ここでは、基礎知識を説明しています。
■「歯列矯正」とは
歯列矯正とは、歯並びの不正を治す治療のことをいいます。見かけがきれいになるだけでなく、以下のような効果も期待できます。
・歯並びがきれいになることで、上と下の歯が最大の面積でかみ合う。そのため食べ物が細かく粉砕され、消化しやすい条件をつくりだし、胃腸の健康・体の健康につながります。

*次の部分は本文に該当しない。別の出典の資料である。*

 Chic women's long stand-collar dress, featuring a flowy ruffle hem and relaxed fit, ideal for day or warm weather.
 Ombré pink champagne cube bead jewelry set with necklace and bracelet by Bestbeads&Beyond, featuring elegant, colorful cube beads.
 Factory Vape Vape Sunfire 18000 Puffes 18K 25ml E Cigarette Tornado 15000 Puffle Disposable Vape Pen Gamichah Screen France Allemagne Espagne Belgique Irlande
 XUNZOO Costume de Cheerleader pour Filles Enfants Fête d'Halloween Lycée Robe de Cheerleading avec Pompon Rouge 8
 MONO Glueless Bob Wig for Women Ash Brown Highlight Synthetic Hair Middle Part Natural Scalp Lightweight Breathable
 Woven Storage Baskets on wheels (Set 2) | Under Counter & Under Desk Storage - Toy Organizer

・歯磨きをする際、歯並びが悪い状態よりも、簡単によごれを落とすことができ、虫歯や歯周病になりにくい環境をつくります。また、汚れがあまり残らないので、口臭も発生しにくくなります。
■治療の種類
最もスタンダードな治療法は、
ブラケットと呼ばれる装置を歯につけて、その上にワイヤーを通して固定する方法です。ブラケットは以下の3種類があり、それぞれに特徴(メリット・デメリットなど)があります。
| 名称 |
特徴 |
| メタルブラケット |
金属製のブラケットです。見た目がギラギラして目立ってしまいますが、構造が頑丈なので壊れにくい、また安価であることが特徴です。 |
| クリアブラケット |
色が白や透明で外見上目立ちにくい、セラミック・プラスチック製のブラケットです。見た目が自然な感じで、金属アレルギーの方でもOK、ただ、メタルブラケットに比べるといくらか高額で、耐久性にやや不安があると言われています。(素材により異なる。) |
クリアブラケット
+クリアスナップ |
クリアブラケットにクリアスナップという乳白色のキャップをかぶせる方法です。ブラケット上を通っているワイヤーの部分が隠れますので、従来のクリアブラケットよりさらに自然な感じになります。おそらく遠目からはわからないでしょう。
※クリアブラケットのみの場合、ワイヤーは全て見えてしまいます。 |
| リンガルブラケット |
歯の裏側に取り付けるブラケットです。これを使えば人にほとんど気づかれずに治療することが可能です。ブラケットとワイヤーがどうしても気になる方におすすめですが、表側からの治療に比べて約1.2〜1.5倍の費用がかかり、治療期間もやや長くなります。また、舌に傷がつくことがある、といったデメリットもあります。 |
■治療期間
治療期間は、治療方針や口の状態によりかなり差がでますが、大人の歯列矯正なら、1〜3年の期間におさまると思います。問診の時にだいたいの治療期間を聞いておくとよいでしょう。
■通院頻度・診療時間
口の状態により個人差がありますが、装置の調節のため、1ヶ月に1回程度通院することが一般的です。一回の診療時間は、30〜60分程度のところが多いようです。
■費用について
費用は基本的には、健康保険が適用されない「自費診療」となります。症状により費用は異なりますが、総額・60万〜100万程度だと思います。
同じ処置でも医院により費用が違ってくるケースもありますので、通う距離・費用などを踏まえて、じっくり比較・検討し、最適な医院を選んで下さい。